=== Begin Enclosure ===

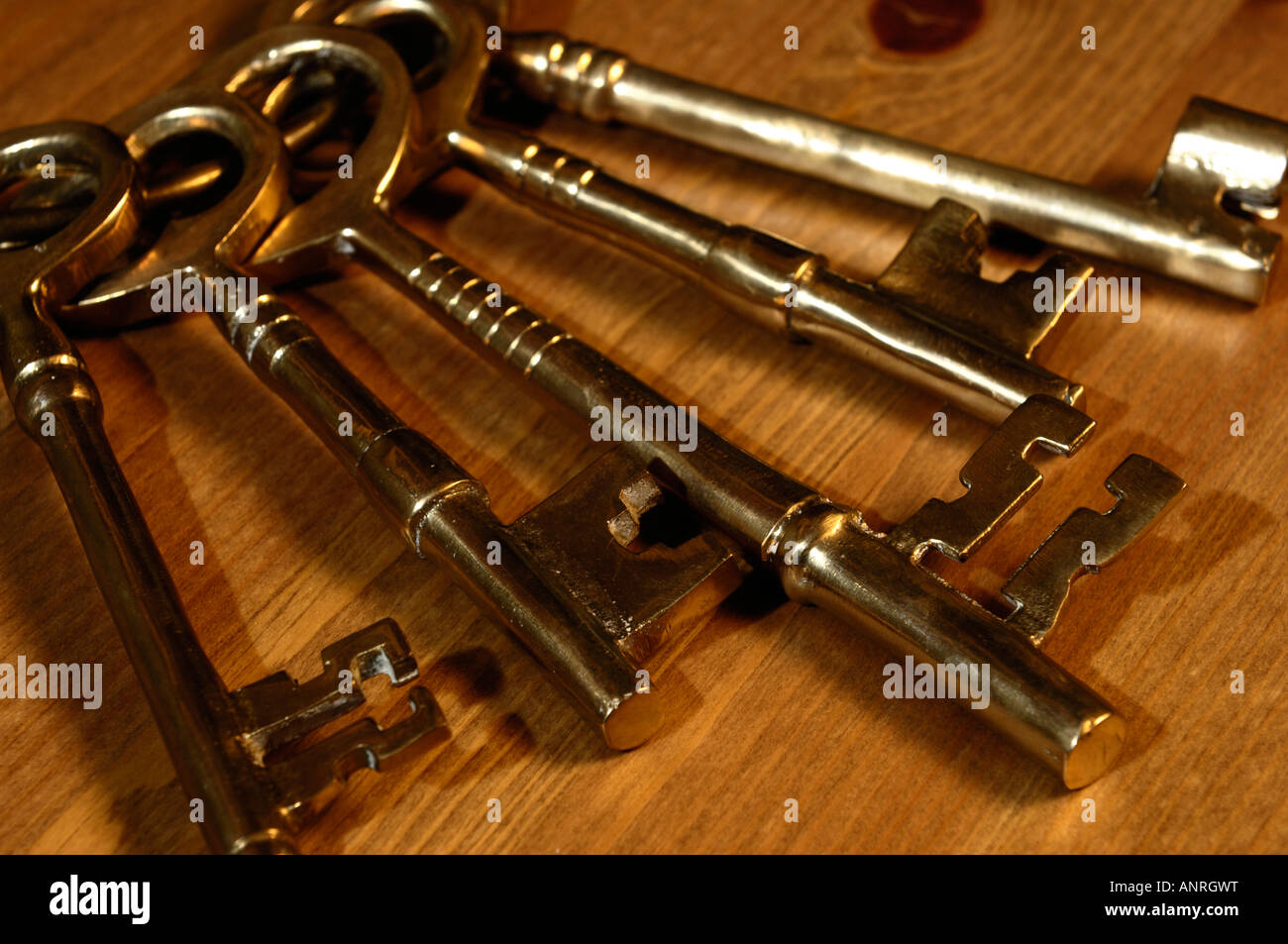 Bunch of old brass skeleton keys on a wooden table Stock Photo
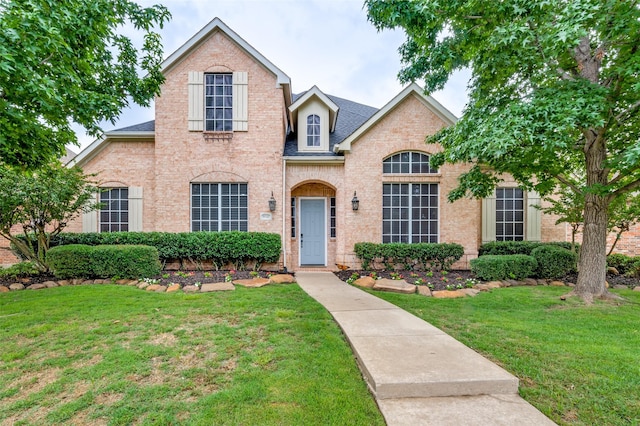 11722 Estacado Dr, Frisco, TX 75033 - view of front of property featuring a front yard, brick siding, and roof with shingles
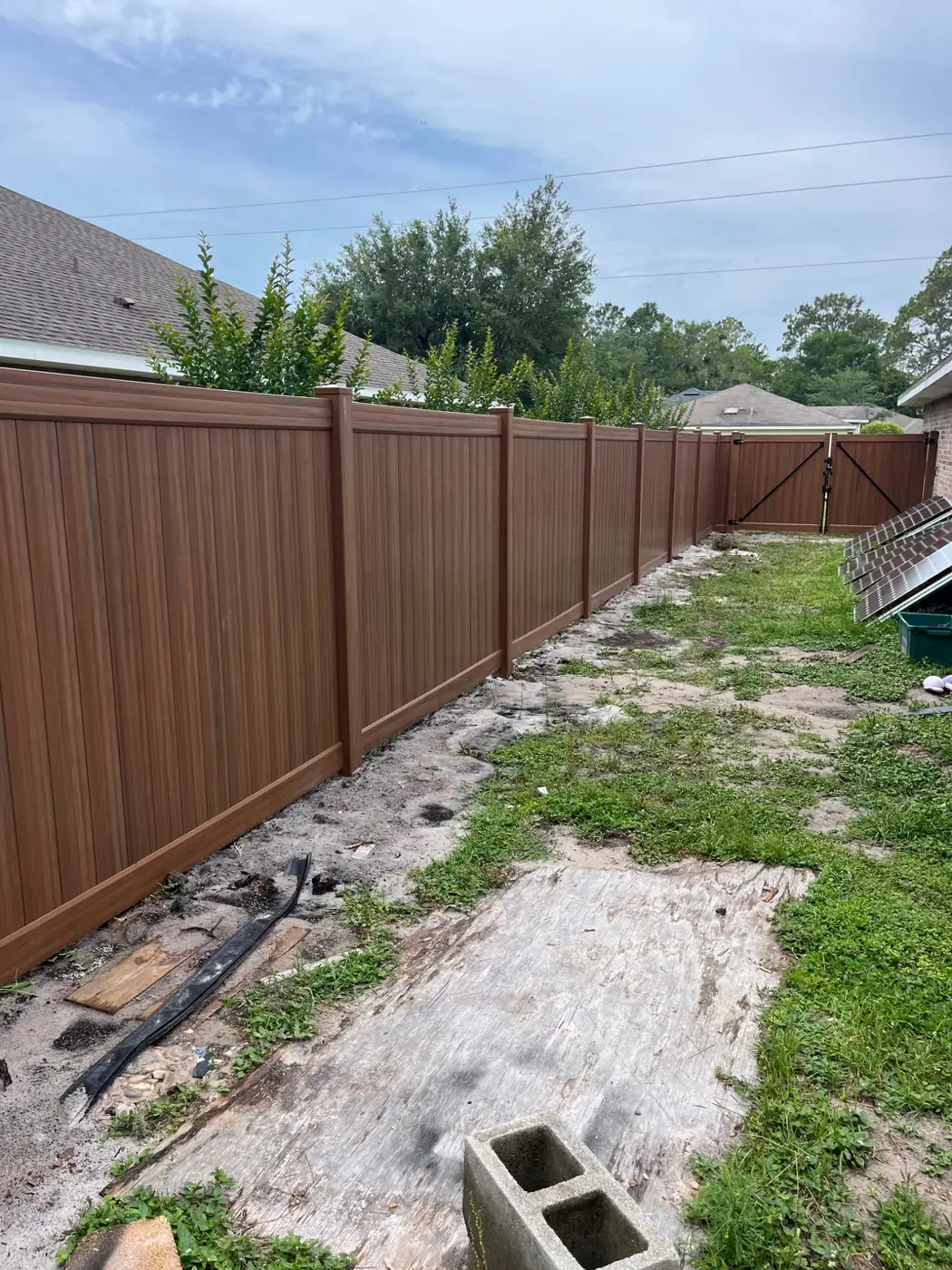 Mocha vinyl privacy fence run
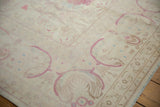 Angled corner view of a distressed vintage rug with a plush pile and soft raspberry red florals.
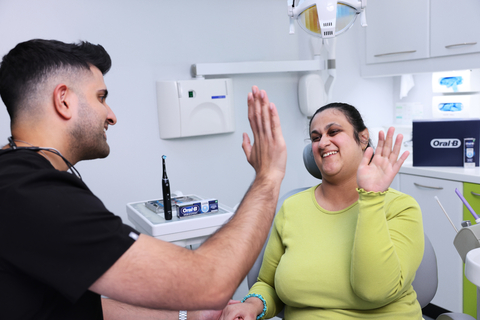 Dr Vikas Prinja with a patient in his dental practice in London, and one of the first dental professionals to become a Disability Champion through the new awards programme from Oral-B and the iADH. (Photo: Business Wire)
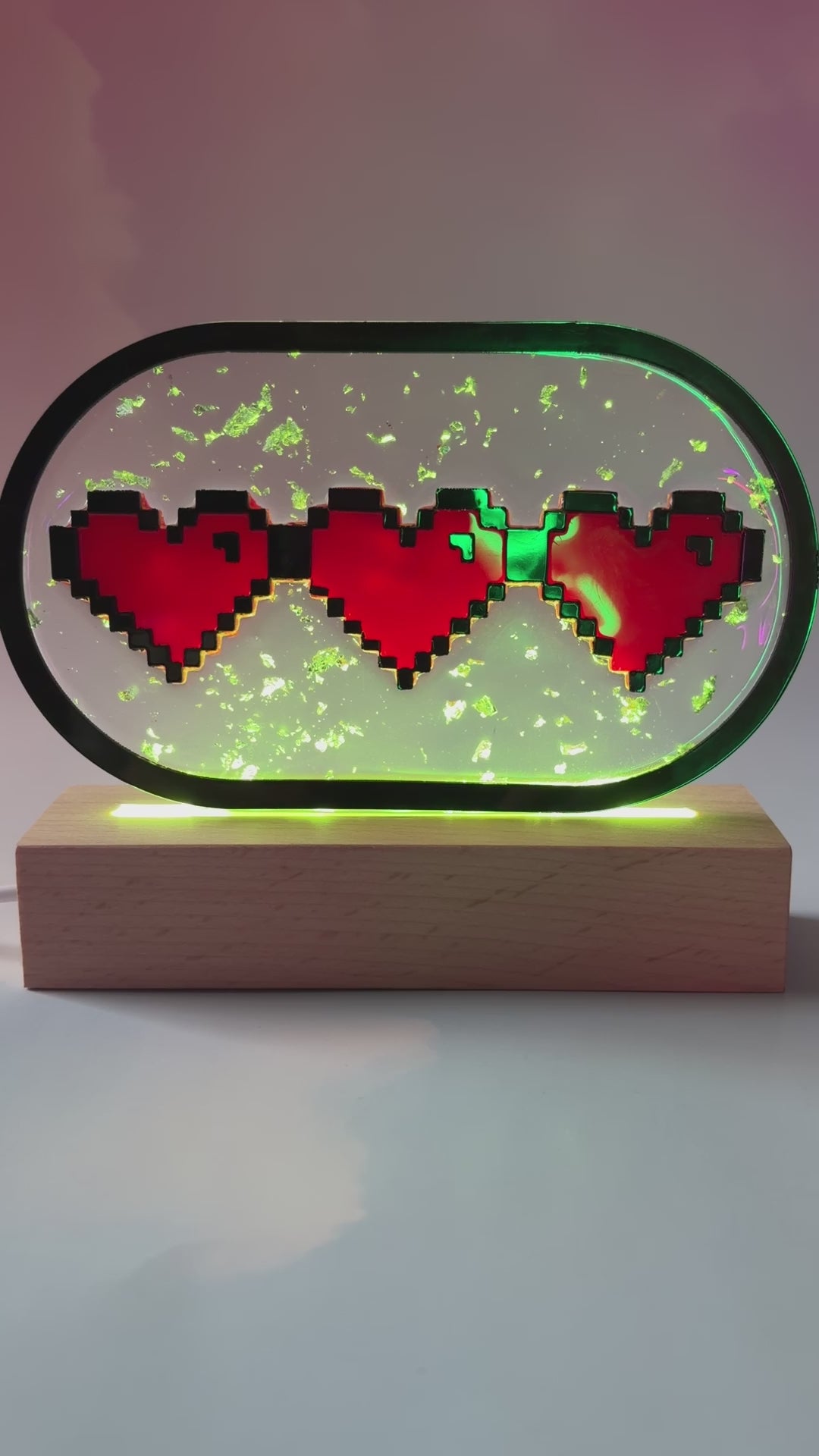 Handmade LED pixel heart container light with a hand-poured resin panel, silver leaf accents, laser-cut acrylic hearts, and customizable RGB lighting.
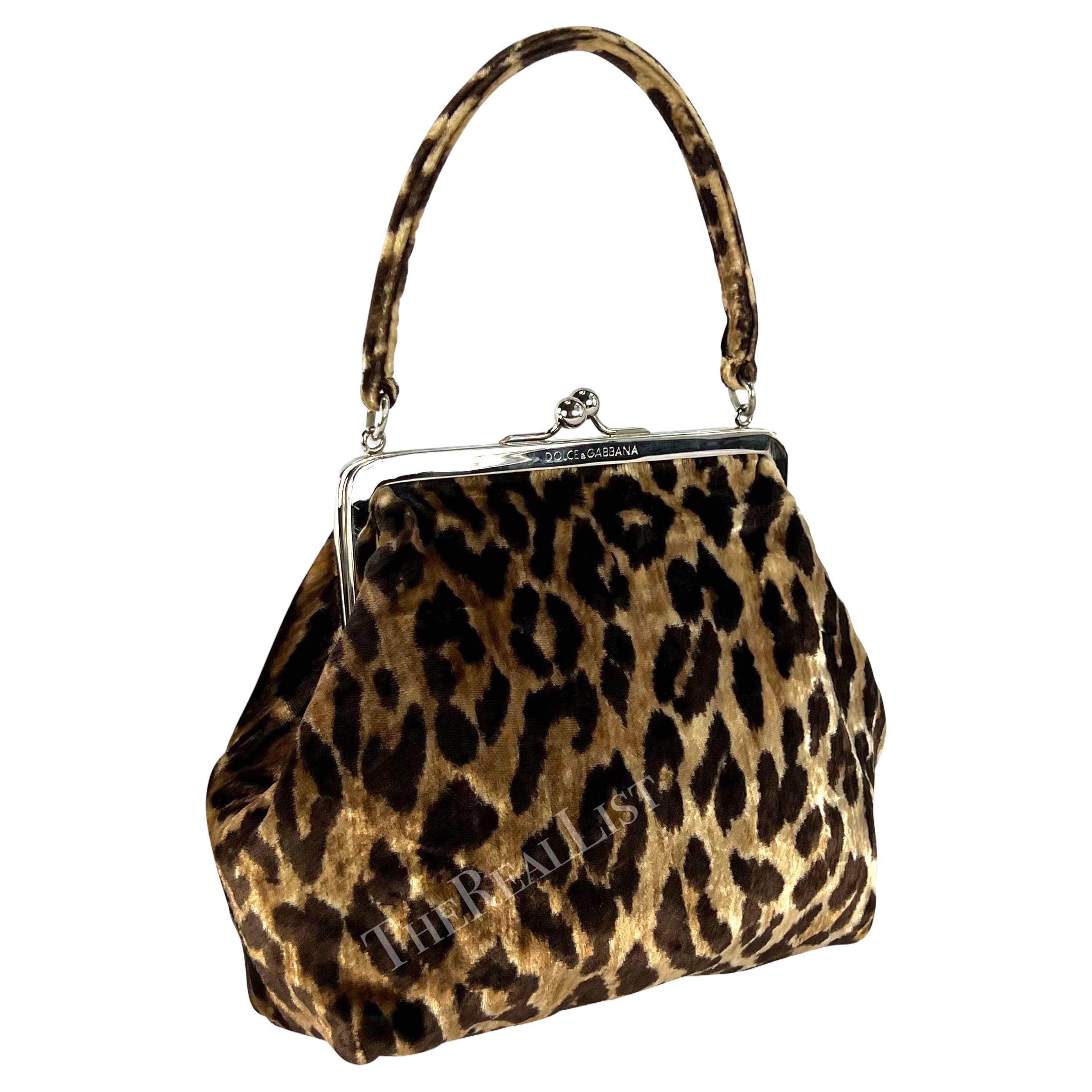 Presenting a chic velvet cheetah print Dolce & Gabbana evening bag. From the 1990s, this bag is constructed entirely of soft cheetah print velvet. The bag features a top handle and is made complete with a silver-tone clam shell closure.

=== End Enclosure ===

What to do:
Write out, word for word, the stretch of entries that begins at the line with "11722 Estacado Dr, Frisco, TX" and ends at the line with "Dr Vikas Prinja". Pictures do not belong in it.

Response:
 11722 Estacado Dr, Frisco, TX 75033 - view of front of property featuring a front yard, brick siding, and roof with shingles
 Mocha vinyl privacy fence run
 Angled corner view of a distressed vintage rug with a plush pile and soft raspberry red florals.
 Dr Vikas Prinja with a patient in his dental practice in London, and one of the first dental professionals to become a Disability Champion through the new awards programme from Oral-B and the iADH. (Photo: Business Wire)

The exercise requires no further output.